I tried to find a way to live with the knowledge that, on the one hand, what I have to say about Naples echoes less and less no matter how loudly I scream, and the more painful knowledge that my words are rejected as illegitimate by Naples itself. And so I have spent years studying and chasing the trail that leads out from Scampia and Casal di Principe, to broaden my horizons, to let my investigation take in the whole world. This seems the only escape route available to me, the only way forward.

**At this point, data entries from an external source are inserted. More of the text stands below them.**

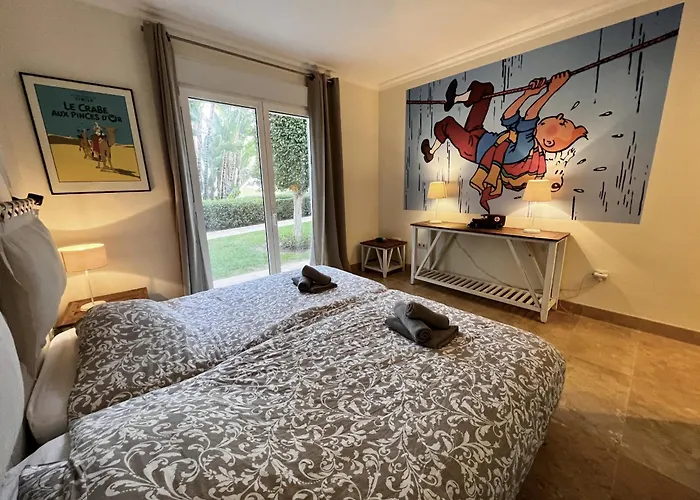 35 - Grand A El Lago, Flamingo * Estepona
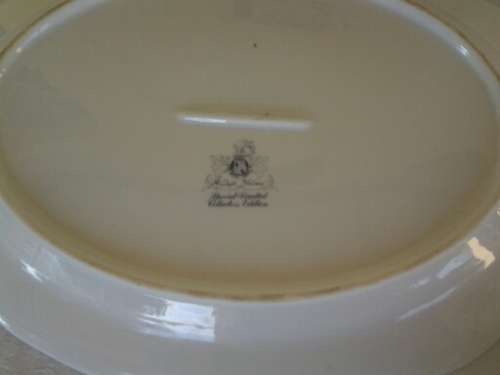 stunning collectors limited edition  blue and white wall plate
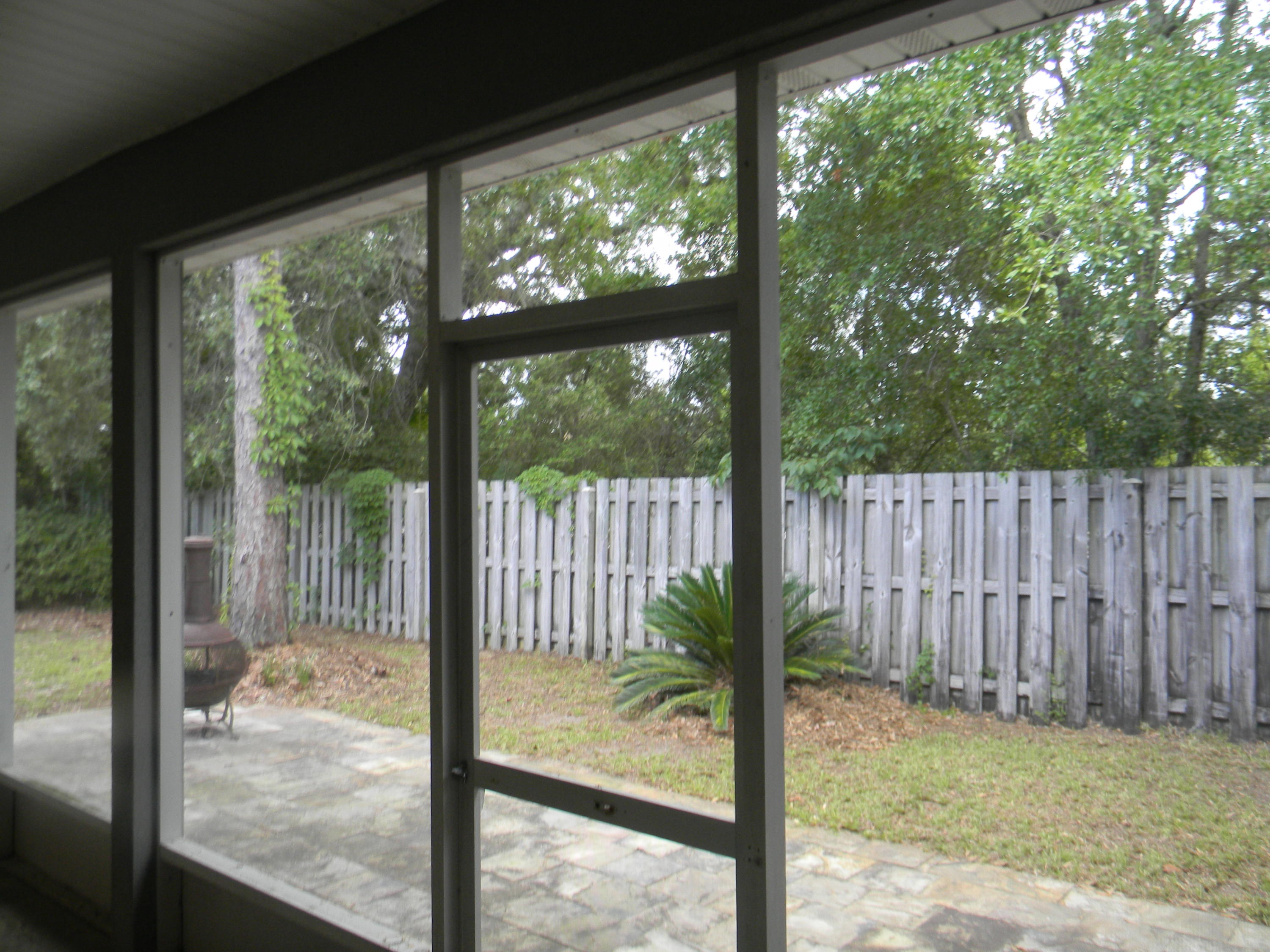 CHARDONNAY ESTATES - Residential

What are those Scampia area murders compared to those in Ciudad Juárez? How much is the only open-air drug supermarket in Europe worth in comparison with the trafficking managed by the Calabrian families? An ’ndranghetista might not even bother to respond. Wiretappings reveal that the Calabrians despise the Neapolitans. They butcher each other too often and for too little. I hear a laugh coming from Aspromonte. Carried on the wind toward the Tyrrhenian, it reaches Mount Vesuvius and it descends from there.

The Neapolitans despise me more than the Calabrians despise them. But I’ve never really left Naples. I am always there. To speak about Naples is to betray it a little, but it is in this betrayal that I find my home. The only home, at least for now, that is allowed me.

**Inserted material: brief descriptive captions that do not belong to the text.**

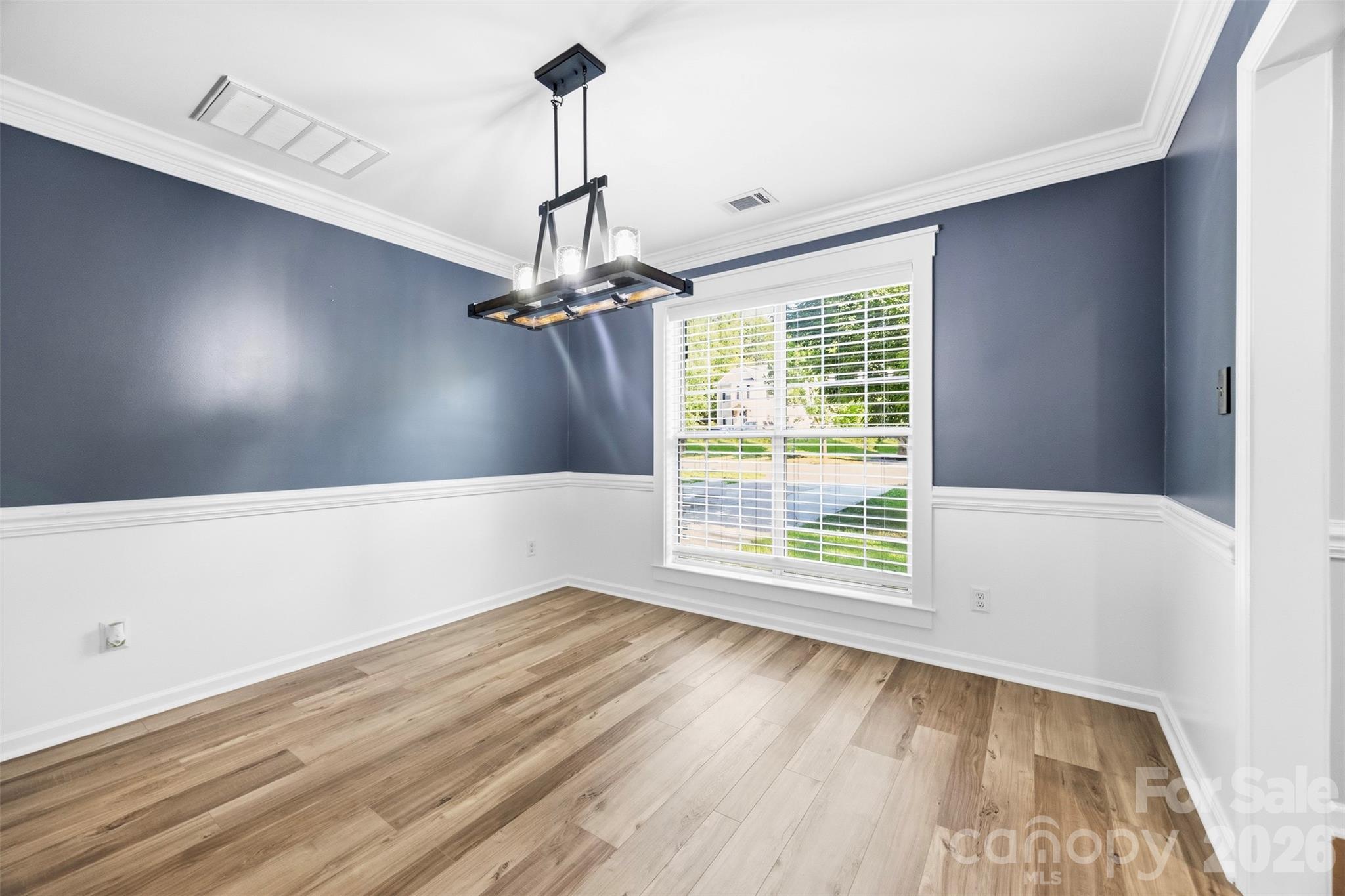 10409 Northwoods Forest Drive — Charlotte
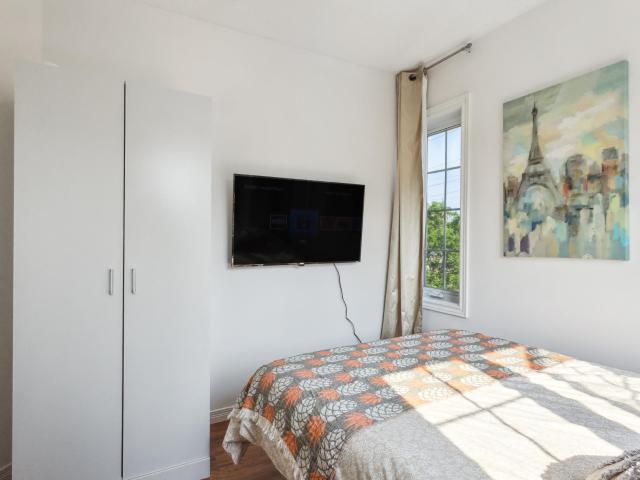 Room for rent in Woburn, Ontario
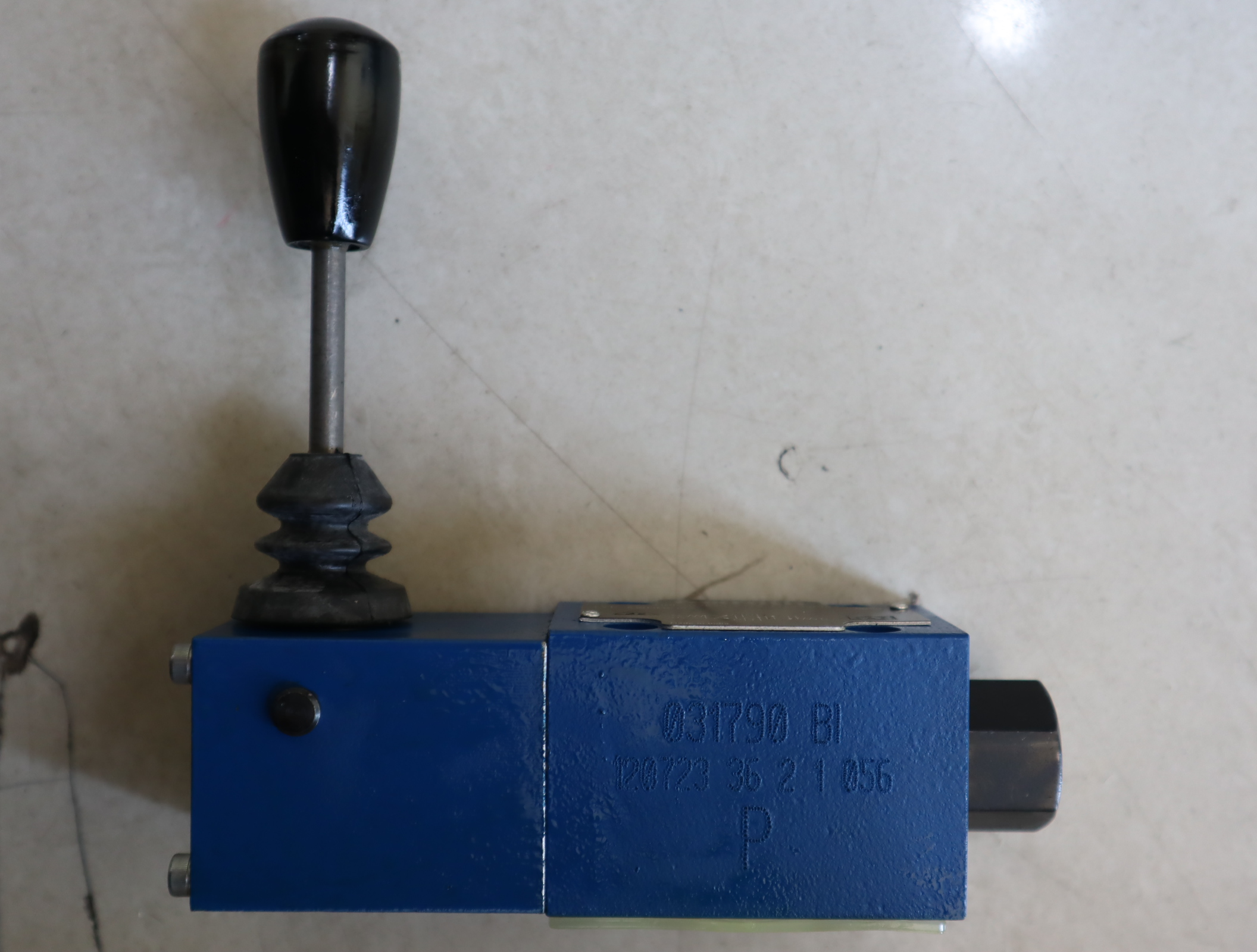 4WMM6J6X R983030728 德国力士乐REXROTH手动阀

For me, the pain of the blood that fills the piazzas, the pain of the names that make the lists of the dead grow longer is a sting that doesn’t go away, even if I blow on it as hard as I can. A pain that doesn’t heal even if I put iodine tincture on it, even if I have it stitched up. This pain has to do with me, for all things that cause us the deepest pain have to do with ourselves, like our flesh, our children, the most untouchable parts of ourselves. All I can do, until someone or something kills me, is to keep betting on my number.

16. DOGS

A Neapolitan doctor I know finally gave in to his son’s pleading and gave the boy a dog. A small dog, relentlessly friendly, with a sweet face. One day he asked his son to go out onto the balcony with him, he had a surprise for him, and in the meantime he went over the little speech he’d prepared in his head. A dog is a delicate creature, you have to respect him, train him, you have to be patient but severe, and above all you have to make him understand that you are the leader of the pack. Liberty, sure, but with hard and fast rules. Necessary preconditions, especially as we’re talking about a Jack Russell terrier, a breed that hunters use even today to flush out foxes. Dealing with the dog’s daring and explosive temperament would prove to be an important undertaking for his son; it would force him to face one of the basic challenges for a human puppy: to go beyond appearances. Behind those puppy eyes and silly demands to be pet and played with is an unpredictable character that needs to be disciplined.

“Do you understand?”

“Sure, Papà.”

Things worked out well. The boy cleaned up after the dog, walked him, played with him, taught him some basic commands: “Stay!” “Sit!” “Heel!” His father swelled with pride, even though his son was sneezing too much and his eyes were always red. He’s a doctor, he knows what those symptoms mean: allergy to dog fur. They had no choice. The dog, who had already become a full member of the family, had to go. But for the son the separation would be excruciatingly painful, and it risked undoing everything that they had achieved together: the education of a young boy through the education of a young animal. From now on the child could either fill the emptiness by clinging to his grief and the memory of shattered happiness, or he could overcome the wrenching loss, thus undergoing the most difficult test a human puppy must face: getting used to loss.